* [Your objective] Starting at the line that contains "Citroën Berlingo BlueHDi", write out each line exactly through the last one in the material below, and nothing more; omit all pictures.

* [Information provided]

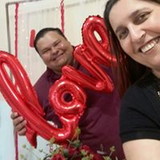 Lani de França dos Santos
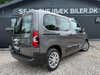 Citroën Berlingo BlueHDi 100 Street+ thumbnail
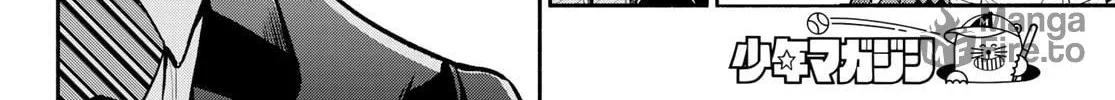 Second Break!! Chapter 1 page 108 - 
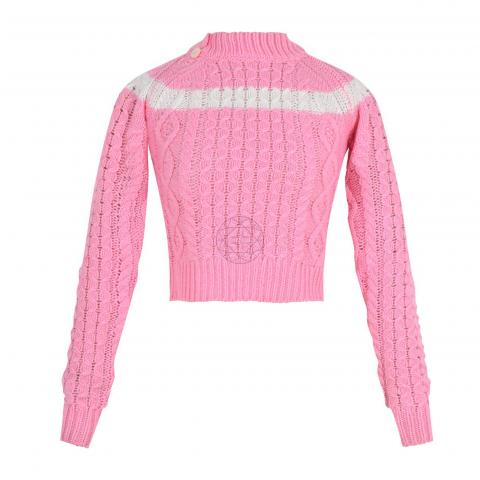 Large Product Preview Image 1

* [Solution to this exercise]
 Citroën Berlingo BlueHDi 100 Street+ thumbnail
 Second Break!! Chapter 1 page 108 - 
 Large Product Preview Image 1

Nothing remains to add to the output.